The Australian government has rejected every bid for Australia's National Broadband Network (NBN) project, instead deciding to set up a company to fund the increasingly expensive project.
A panel rejected all of the bids because “none of the national proposals offered value for money,” the government said in a statement. The rapid deterioration of the global economy was a factor in the underwhelming bids, it said.
Instead the government will create a company jointly owned by the government and the private sector. The company will invest up to A$43 billion ($30.5 billion) on building the network over the next eight years in what the government calls “the single largest infrastructure building project in Australia's history.”
The government had originally intended to invest A$4.7 billion in the project, with the winning bidder investing the remainder. The most likely contenders for the project at the time estimated the cost to winning bidders to be around A$10 billion.
The A$4.7 billion investment will instead be put into the new company as an initial investment, with the government soliciting significant private sector investment. The government will be the primary shareholder, but intends to sell its stake within five years of the network going online if market conditions are favorable.
The NBN will be a wholesale-only network that connects 90% of Australia homes with fiber broadband services with speeds of up to 100 Mbps.

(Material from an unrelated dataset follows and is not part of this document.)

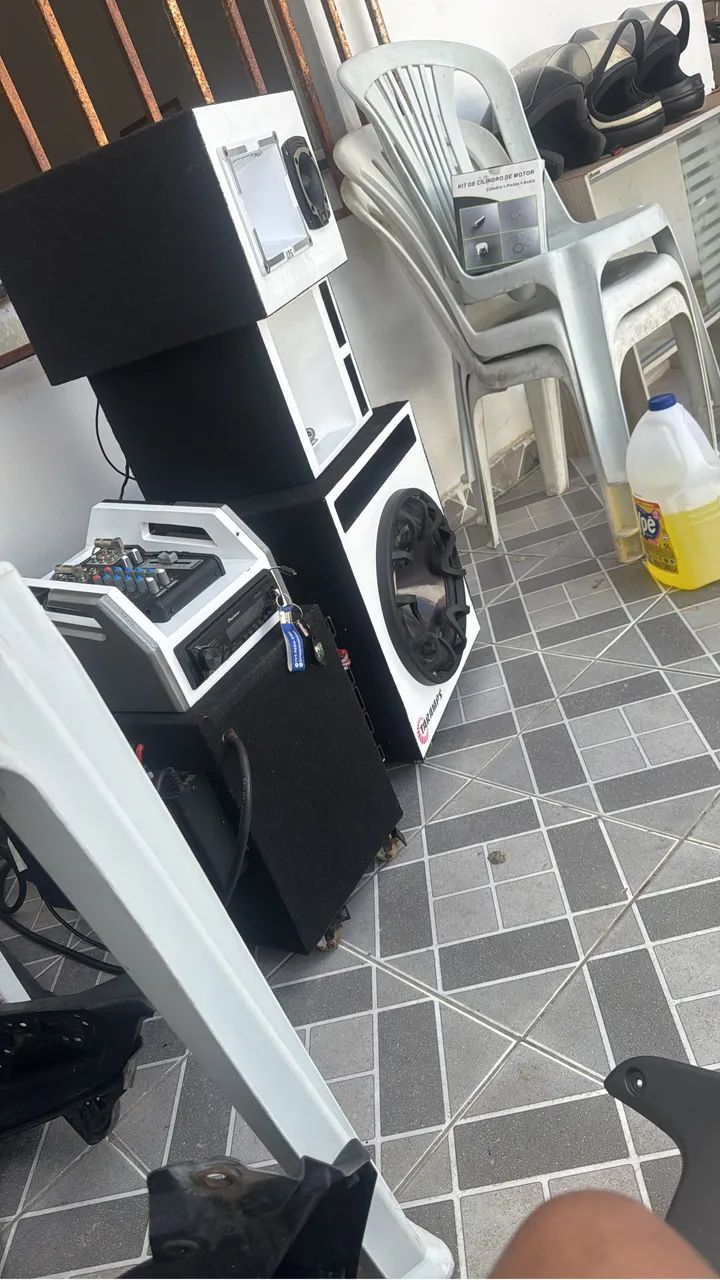 VENDO SOM AUTOMOTIVO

All other premises in Australia will be connected with wireless and satellite technologies, which will deliver speeds of up to 12 Mbps.
By making the service wholesale-only the government may be looking to remove any grounds Telstra may have to mount legal challenges to the project, in a bid to maintain its virtual monopoly over fixed-line services in Australia.
The rollout will begin in the state of Tasmania as early as July, and in mainland Australia by July 2010. The rollout will occur simultaneously in metropolitan, regional and rural areas.
The project will support up to 25,000 local jobs per year during the eight-year project lifecycle, and 37,000 at its peak, the government said.
The rejected bidders include SingTel subsidiary Optus, the Acacia group and Axia. Incumbent. Telstra was excluded from the bidding process in December after submitting an incomplete bid.